Given the abundance of middling, mediocre album and EP covers in recent times, it is this writer’s sincere hope that artists and their teams pay more attention to what they put out. There’s no justification for the proliferation of AI artwork among mainstream acts. Individuals who earn as much as eight figures per show are succumbing to Chat GPT-prompted artwork in the name of cost-cutting or for whatever God-forsaken reason they’ve decided is best. It’s shameful. There’s nothing else to call it but a blight. We’ve gone from Lemi Ghariokwu and Niyi Okeowo marvels to generic covers where depicted artists appear carved out of decomposing marble or third-rate Studio Ghibli art. And even when these aren’t AI copies, there’s a noticeable drop in the quality of art churned out. You can count on both hands the number of mainstream projects with intriguing artwork from the last 2 years. The alternative scene is, unfortunately, no better. So, when art like this makes an impact, applause is non-negotiable; directly or otherwise, as we’ve seen with the imitations.
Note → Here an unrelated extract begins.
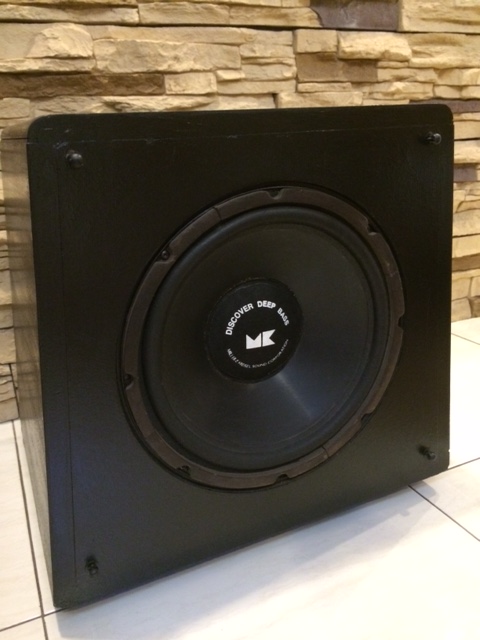 M&K subwoofer  Img_6215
Perhaps someday, when the Headies finally get their act together, we will see a category for album covers and recording packages as a whole, similar to the 2026 Grammy Awards’ innovation to recognise more creatives shaping music.
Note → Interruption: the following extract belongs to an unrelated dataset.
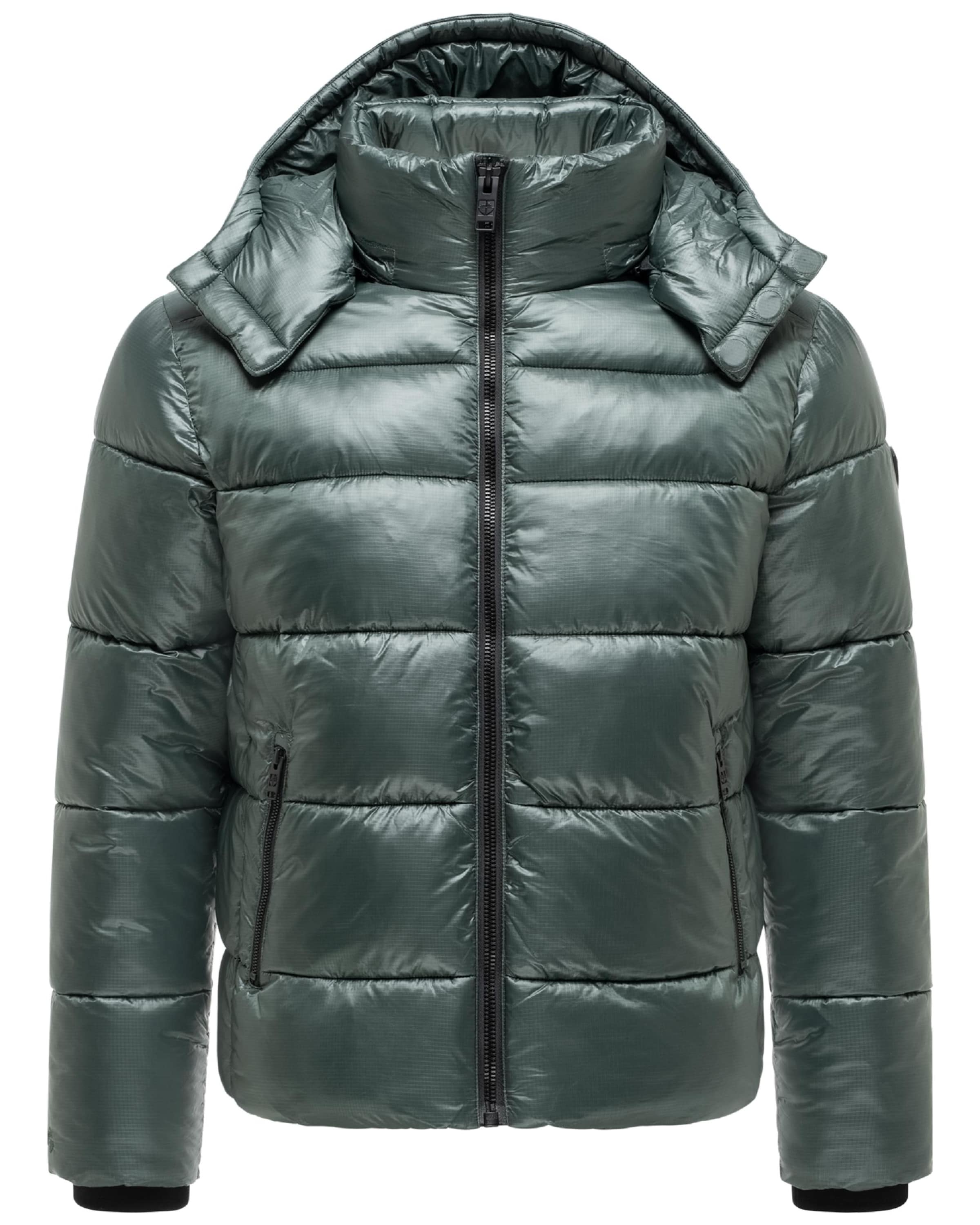 Veste d’hiver 'Ezioo XX' STONE HARBOUR en vert : devant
One grossly overlooked aspect of the Starr Girl rollout is the silky smooth co-option of the colour ‘purple.’ Ayra is the third mainstream Nigerian artist this decade to incorporate ‘purple’ in their album’s creative direction, after Omah Lay (Boy Alone) and Wizkid (More Love, Less Ego) in 2022. However, unlike the two, Ayra’s stands out beyond the artwork. In the Where Do We Go lyric video, which is basically a behind-the-scenes shoot for the song’s artwork, purple lighting illuminates her purple stockings and purple makeup highlights. The video’s digicam look is also noticeably saturated purple, as are the subtitles. Background figures in the Who’s Dat Girl video donned purple robes and turbans. At some point in the video, Ayra is in the middle of a field of clotheslines, each with a different shade of plain purple fabric. In the Hot Body video, Ayra wears a two-shade purple sarong over a green and white bikini during a beach scene. In her Jennifer Hudson show appearance, Ayra’s two outfits were purple (the second one, a dark purple net gown layered over a visible pink-ish bikini, drew criticism for perceived tackiness). Mobstarrs have also begun using the purple heart emoji in their profile names across different social media platforms.
Starr Girl won’t arrive with a flawless promotional track record. There have been misses: with the music, fashion choices, and, according to some fans, complacency while promoting singles. Still, there’s enough to be hopeful for. Enough to sing as she did on Control off The Year I Turned 2021, “Go Ayra, Go Ayra, Go!”